Green tea combined with brown rice, Genmaicha is colloquially known as “popcorn tea” as a few rice grains tend to pop during the roasting process, making them resemble popcorn; the tea also gives off a strong popcorn-like aroma. Genmaicha brews to a light yellow hue and marries the fresh grassy flavor of green tea with the flavor of roasted rice.
Named for its distinctive look—the leaves are rolled into small, round balls which resemble gunpowder pellets — gunpowder tea dates back to the Tang Dynasty. The highest-grade gunpowder tea is still rolled by hand, a process which allows the leaves to retain more of their natural flavor and aroma. When buying gunpowder tea, look for shiny pellets, which indicate freshness.

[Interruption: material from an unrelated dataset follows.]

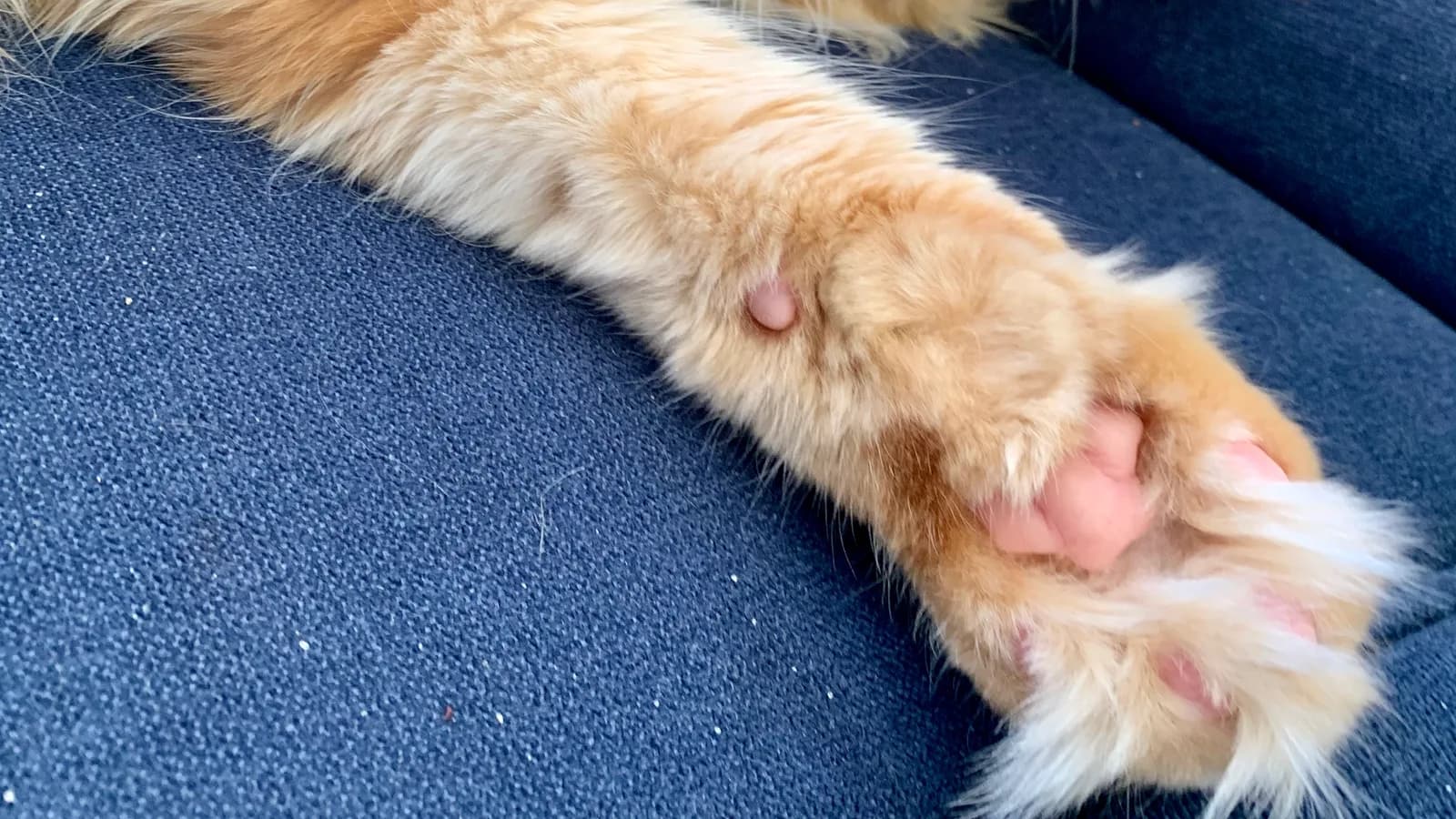 Front paw of a ginger Maine Coon showing an extra toe with its own pad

Known as Jade Dew because of its pale green color, Gyokuro is the highest grade Japanese green tea. It is cultivated in a unique way: the leaves are grown in the shade, which alters their flavor. The brewed tea is sweet, even when it is steeped for the recommended 2-3 minutes, compared to regular Sencha’s brief 60 seconds.

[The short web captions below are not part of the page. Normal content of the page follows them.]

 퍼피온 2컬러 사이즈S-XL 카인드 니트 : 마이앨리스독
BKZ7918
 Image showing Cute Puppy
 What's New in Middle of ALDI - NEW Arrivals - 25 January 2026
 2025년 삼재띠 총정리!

First developed in Kyoto in the 1920s, Hojicha is set apart from other Japanese green teas because it is roasted over charcoal. This gives it a reddish-brown color and a toasty flavor evocative of caramel. It is a popular after-dinner tea.
Popularly known as “twig tea,” Kukicha is a Japanese tea made from stems, stalks and twigs. It has a nutty, slightly creamy flavor, and is unusually low in caffeine. It’s supposedly effective at inducing labor.

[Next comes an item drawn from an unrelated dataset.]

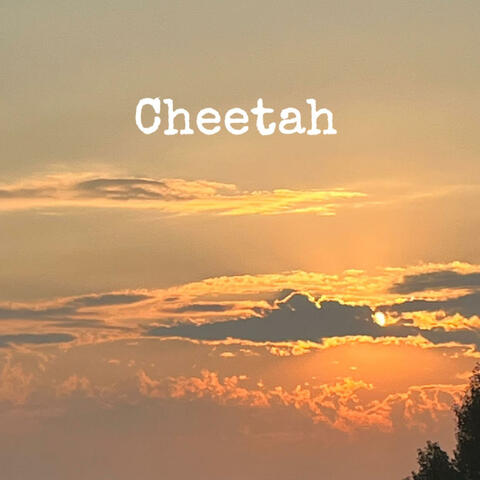 Cheetah album art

One of China’s most famous varieties of green tea, Longjing tea (literally “Dragon well”) comes from the Zhejiang province. Brewing to a pale, yellow-green, the tea has a gentle, sweet taste and contains a high amount of Vitamic C and amino acids. If you just can’t get enough, the tea leaves can be eaten after infusion.
A fine, stone-ground green tea used in Japanese tea ceremonies, as well as to flavor foods such as mochi and green tea ice cream.
Japanese green tea grown in the sun, and brewed without grinding the leaves. It is the most common green tea in Japan. The flavor is generally sharper than that of Chinese green tea.
A Japanese green tea with a tangy, berry-like taste and a long, almond aftertaste. This tea is distinctive for its vibrant golden-yellow color and deep aroma.